#### Dataset records:
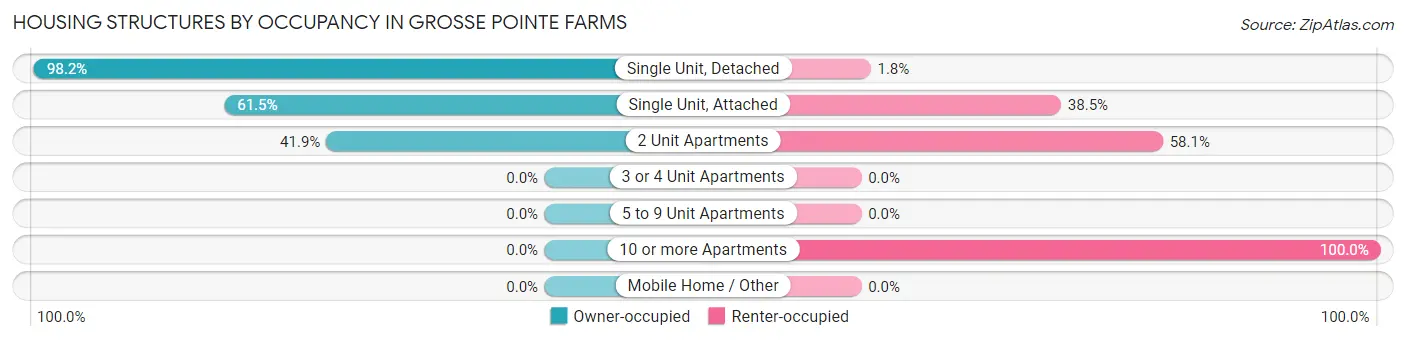Housing Structures by Occupancy in Grosse Pointe Farms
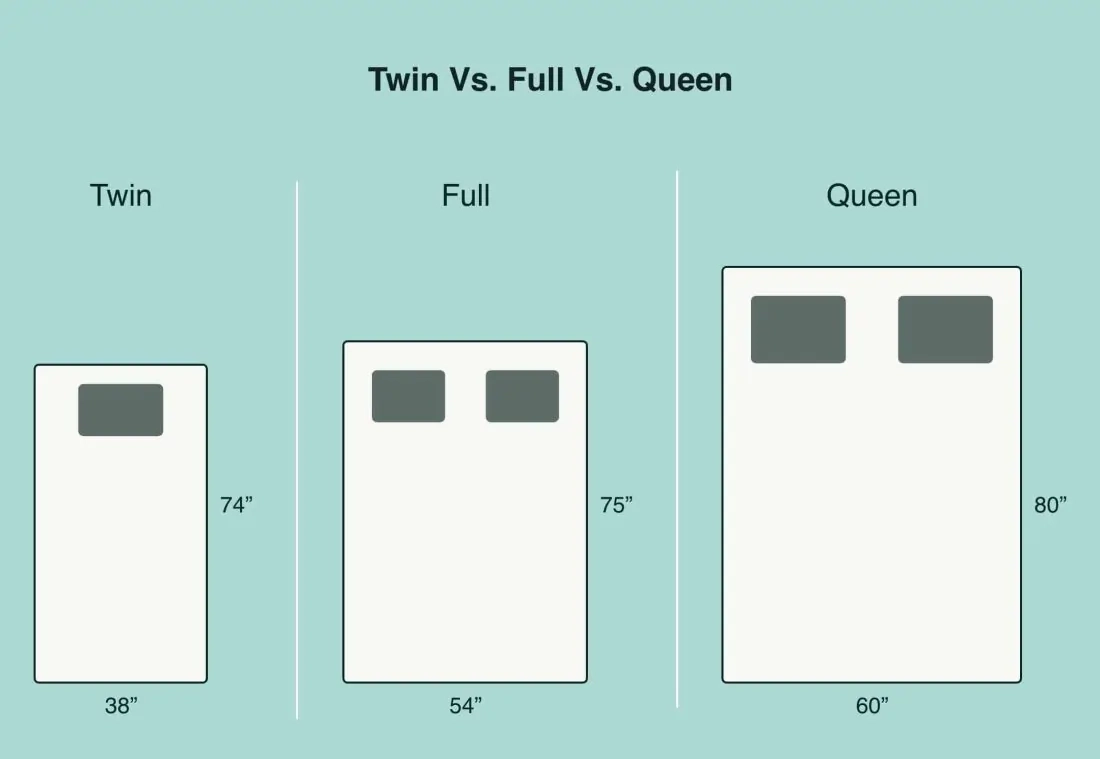 Mattress Sizes & Bed Size Dimensions Guide (2023) - Sleep Authority ... for Space Considerations When Choosing Between Queen and Double Beds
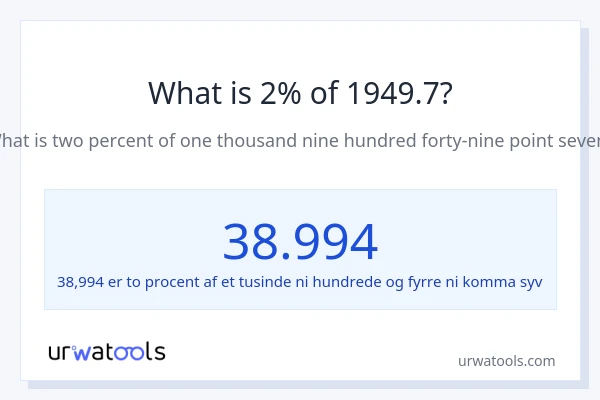 Hvad er 2% af 1949.7?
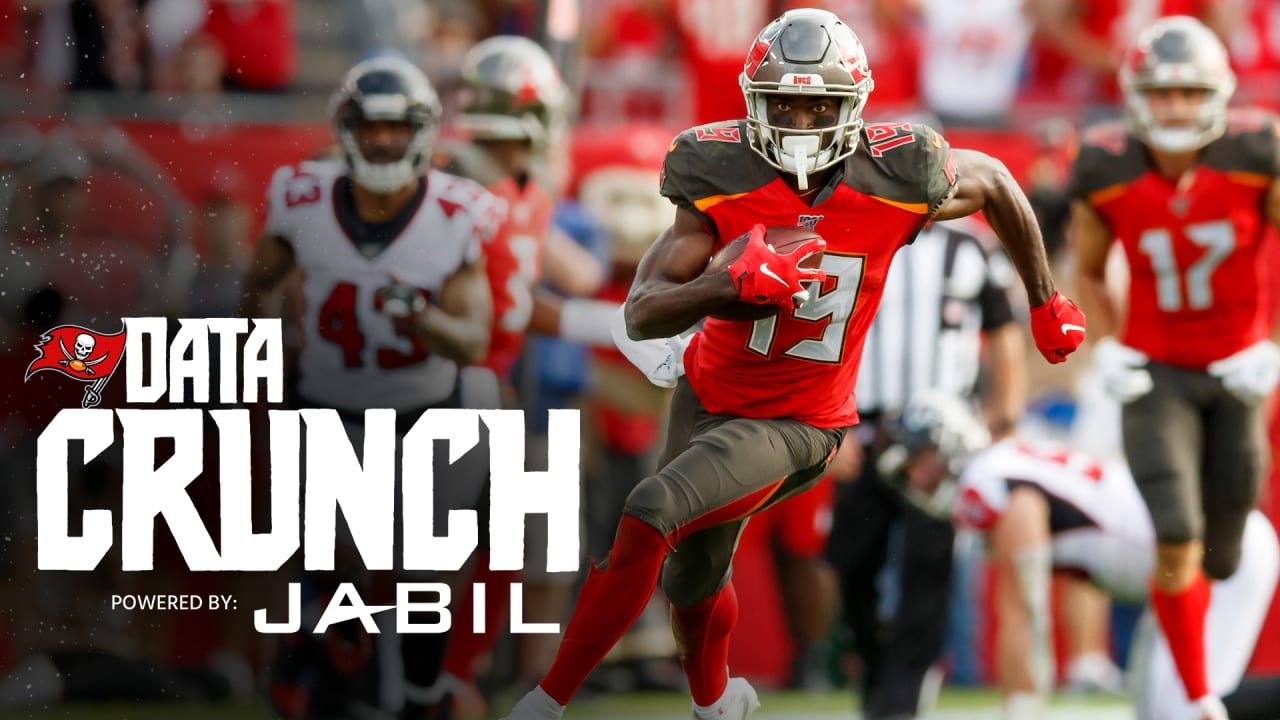 www.buccaneers.com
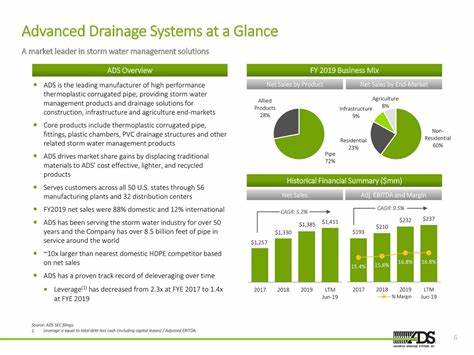 Advanced Drainage Systems, Inc. (WMS): Among Billionaire Ken Fisher’s Industrial Stock Picks with Huge Upside Potential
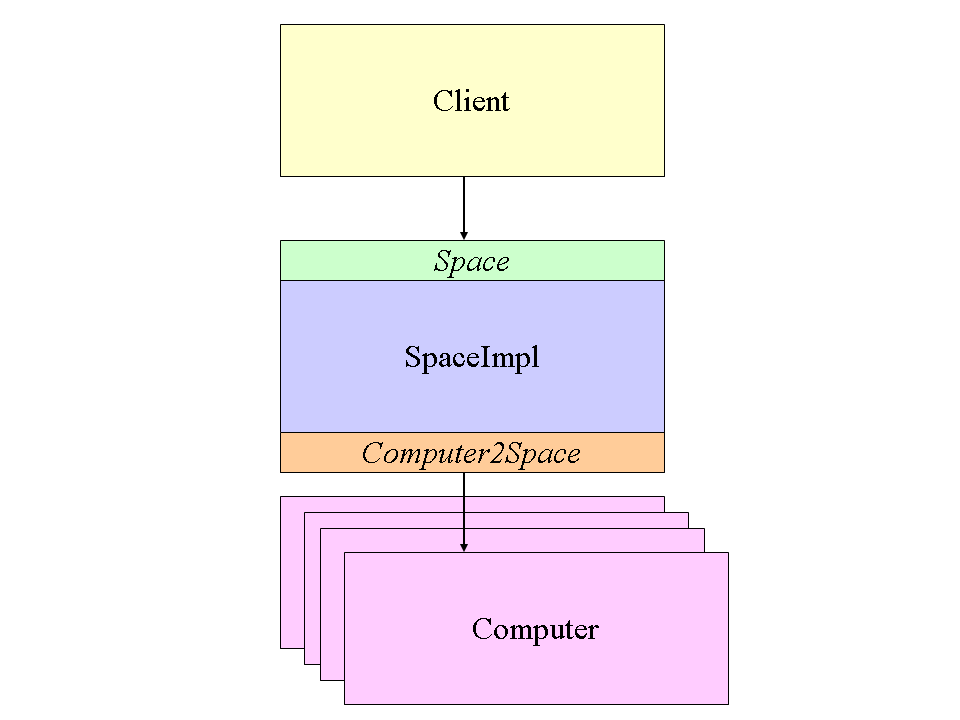 CS 290B: Java-Centric Cluster & Concurrent Computing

#### Problem statement:
Transcribe exactly the lines from the one containing "Mattress Sizes &" through the last line of the records above, and nothing else. Leave out the pictures.

#### Solution to this exercise:
 Mattress Sizes & Bed Size Dimensions Guide (2023) - Sleep Authority ... for Space Considerations When Choosing Between Queen and Double Beds
 Hvad er 2% af 1949.7?
 www.buccaneers.com
 Advanced Drainage Systems, Inc. (WMS): Among Billionaire Ken Fisher’s Industrial Stock Picks with Huge Upside Potential
 CS 290B: Java-Centric Cluster & Concurrent Computing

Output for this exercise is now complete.